Protostar - Browser Copilot

Overview

An AI Agent that brings natural language control to web browsing. Built as a Chrome extension, it lets users interact with websites using conversational instructions.

Key Features

Natural Language Control: Cursor-like chat interaction with the browser
Async workflow: The Agent can work async from the user with zero interruption
Multi-Agent System: Concurrent AI agents working together for complex tasks
Chrome Extension: Fits into your existing Chromium browser. No need to install a new browser ;)

Capability

Here's a long horizon task that demonstrates the agent's capabilities.

Find four different laptops on Amazon and add them to cart without protection plans — one for a professional dad who edits 4K videos and needs powerful performance, one for a business-minded mom who wants a sleek and lightweight laptop for emails and meetings, one for a college-age daughter who studies design and needs a stylish portable machine for digital art and photo editing, and one for a high-school son who plays games, codes, and streams — each from a different brand, all currently available for purchase with their specs, prices, and ratings.

To complete this task, the agent needs to:

Research and find a suitable laptop for each family member
Navigate to the Amazon product page of each product
Add the item to cart (surprisingly tricky step!)

This is an interesting example because it exposed a subtle flaw in the way the agent determines "action" success. Here "action" -> "tool call" + its "intended effect".

The models (GPT-4.1 and GPT-oss-120B) I've tested on this task manage to select appropriate products and navigate to Amazon product pages. However, they struggle to add the items to cart.

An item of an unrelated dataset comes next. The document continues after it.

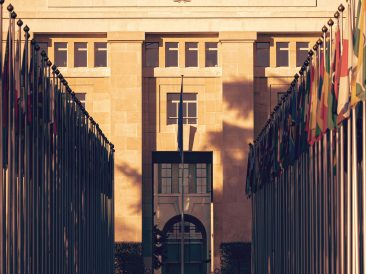 Photo by Jonathan Ansel Moy de Vitry on Unsplash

The model assumes the act of clicking the "add to cart" button guarantees that the product gets added to the user's cart. This is not always the case though. Adding certain products to cart sometimes triggers a popup for a product insurance plan. This popup needs to be handled/closed for the product to actually be added to cart. The models see that the "Add to cart" button click tool call is successful and move on to the next product.

Amazon popup
The webpage content and behaviour is out of the Agent developer's control. Therefore, in a webpage environment, successful tool call execution should not be mistaken for successful intended effect. Contrast this with a file edit action by a coding agent inside a code editor, where a successful edit tool call guarantees the intended change in the actual file.

More advanced models that are RL tuned for Browser tasks probably won't make these mistakes. This issue was fixed for GPT-4.1 and GPT-oss-120B by restructuring the planning and execution pattern in the Agent harness to closely scrutinize the effects of key actions by performing simpler follow-up actions to verify them.